• The problem: Your copy runs from the line containing "Hotel Palma Royale" through the last line of the listing, both included. Restate those lines word for word and leave out pictures.

• Provided material:

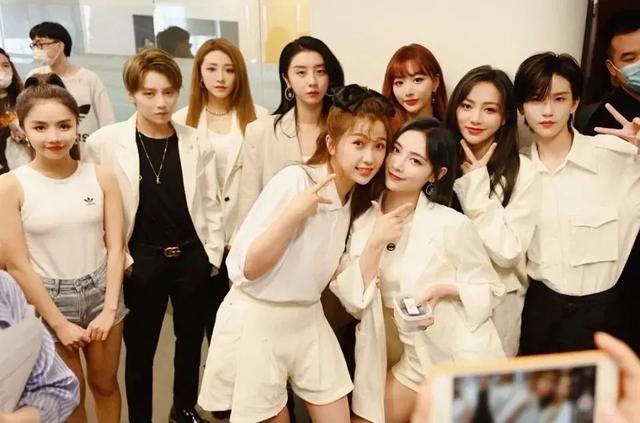 影视交流地|怼天怼地怼杜华，这群姐姐不好惹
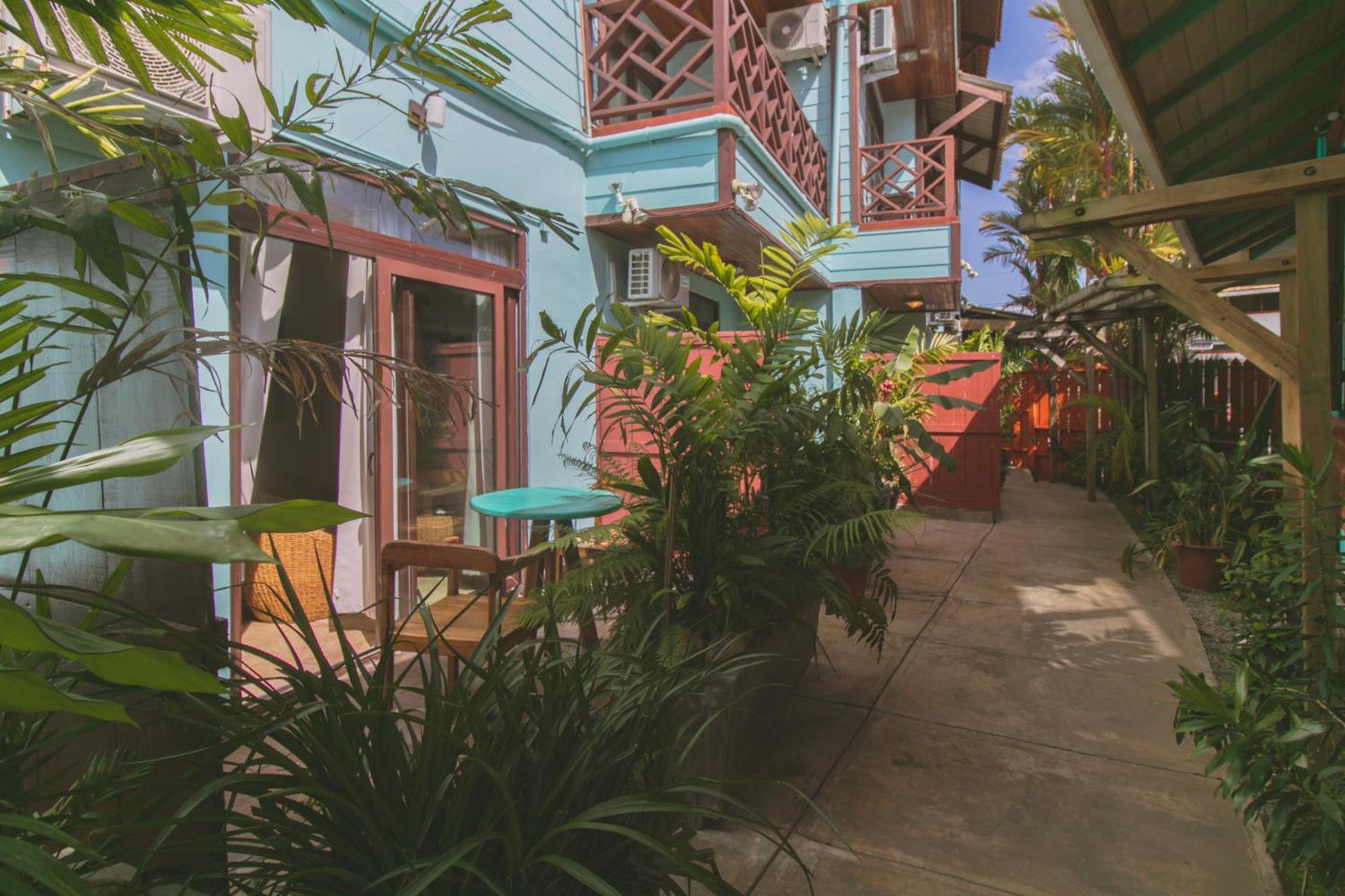 Hotel Palma Royale Bocas del Toro Exterior photo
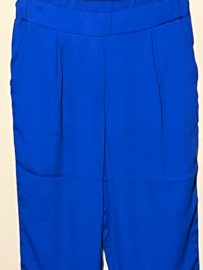 Indee losse broek voor meisje van 16 jaar met maat 176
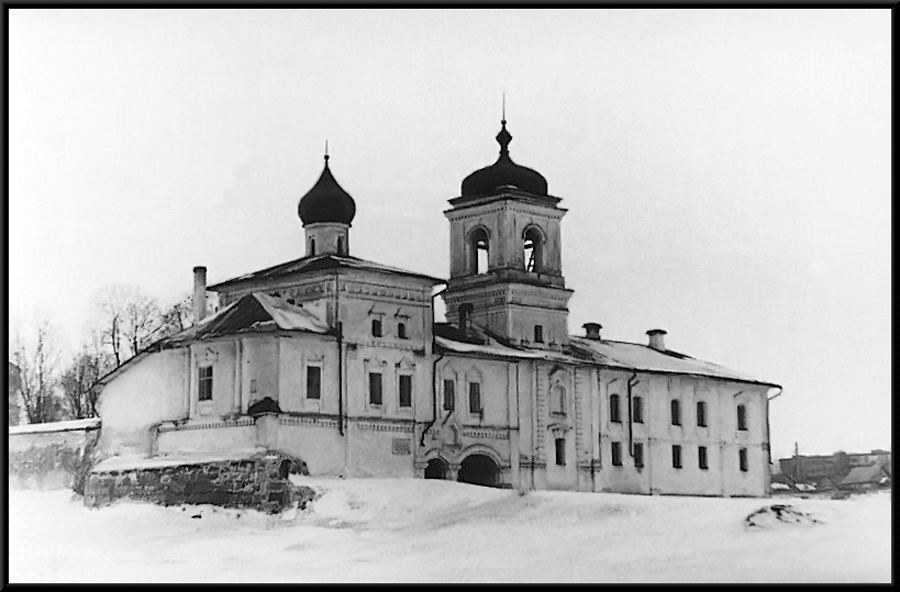 Спасо-Преображенский Мирожский монастырь. Церковь Стефана архидиакона, Псков (Псков, город, Псковская область). фасады, Снято зимой 1968-69 г.,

• Solution to the problem:
 Hotel Palma Royale Bocas del Toro Exterior photo
 Indee losse broek voor meisje van 16 jaar met maat 176
 Спасо-Преображенский Мирожский монастырь. Церковь Стефана архидиакона, Псков (Псков, город, Псковская область). фасады, Снято зимой 1968-69 г.,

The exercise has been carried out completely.